Table of Contents

RELEVANT PAPERS

Efficient Provenance Storage (SIGMOD 2008) – Adriane Chapman, H.V. Jagadish, Prakash Ramanan

MOTIVATIONS

APPLICATIONS

In all of these systems, size of provenance can grow many times larger than base data (since provenance is very fine grained, # of operations of base data is large etc.)

DATA MODEL

EXAMPLE FROM THE PAPER


Here the edges(bottom up) represent the workflow. What the following example says is that some scientist first annotated PubMed article numbered 16524875 via CurateHPRD manipulation to give input data I. This data was mapped using schema mapping MHPRD to suit the scientist’s own schema.
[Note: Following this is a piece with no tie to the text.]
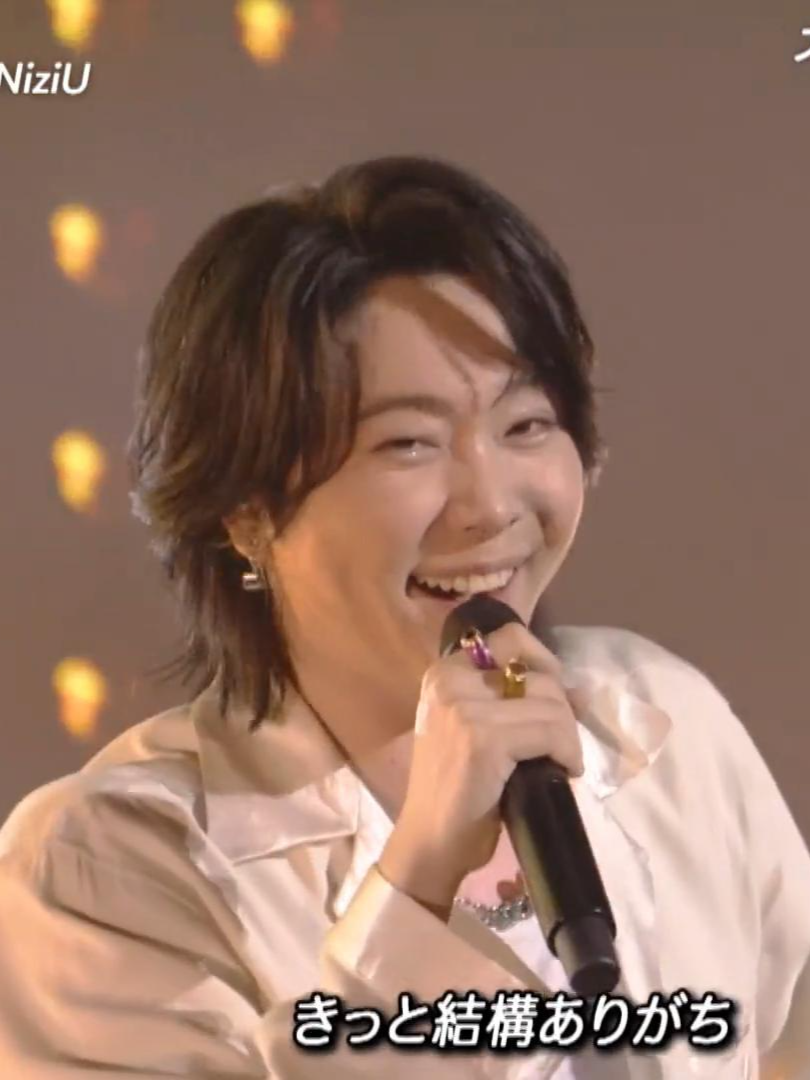 ダンスホール ／ Mrs. GREEN APPLE#ダンスホール #MrsGREENAPPLE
The output data was I’. From this data, information about molecule named ABC1, with ID 095477 was collected.

CONTRIBUTIONS

  1. Provenance Compression using the following two approaches:
    1. Provenance Factorization:
      • Basic idea is to factor out “common sub-expressions” in the provenance of different items.
      • Factorization is done at three different levels:
        1. factorization of identical provenance records. (Basic Factorization)
        2. factorization of identical provenance nodes. (Node Factorization)
        3. factorization of nodes that are identical except for their parameters.(Argument Factorization).
          E.g: Let the provenance records be P0 = A → B → C and P1 = A → X → C. Provenance after Basic Factorization will have two records for P0 and P1. However Node Factorization will have a single record A → (B or X) → C. Now let P0 = A → B → C (x1) and P1 = A → B → C (x2), where x1 and x2 are the parameters to manipulation C. Therefore Node Factorization will give 2 different records for P0 and P1. However, Argument Factorization will factor out the manipulations A → B → C and store pointers to them for P0 and P1.
    2. Provenance Inheritance
      • Basic idea is to find similarities in a local portion of the data tree (Structural Inheritance) or between provenance associated with data items of a particular type (Predicate Inheritance).
      • Structural Inheritance: Record provenance of an item if its provenance is different from its parent.
      • Predicate Inheritance: If every data item in a dataset contains the same provenance record, then the record can be moved from instance level provenance to dataset-level provenance.
  2. Combining Compression Techniques
    • For combining the Inheritance based strategies, structural inheritance must be applied before predicate inheritance to avoid potential ambiguity in reconstruction of provenance of data item.
    • Relative Ordering of Inheritance and Factorization doesn’t affect the correctness of compressed provenance, however, empirically it has been observed that applying Inheritance before Factorization causes faster compression.
  3. Identified classes of Queries that utilize provenance (e.g. retrieve provenance for specific data, for all items of type X, joins using provenance etc.)
  4. Combines well with traditional XML compression techniques as XGRIND to yield extremely small provenance stores.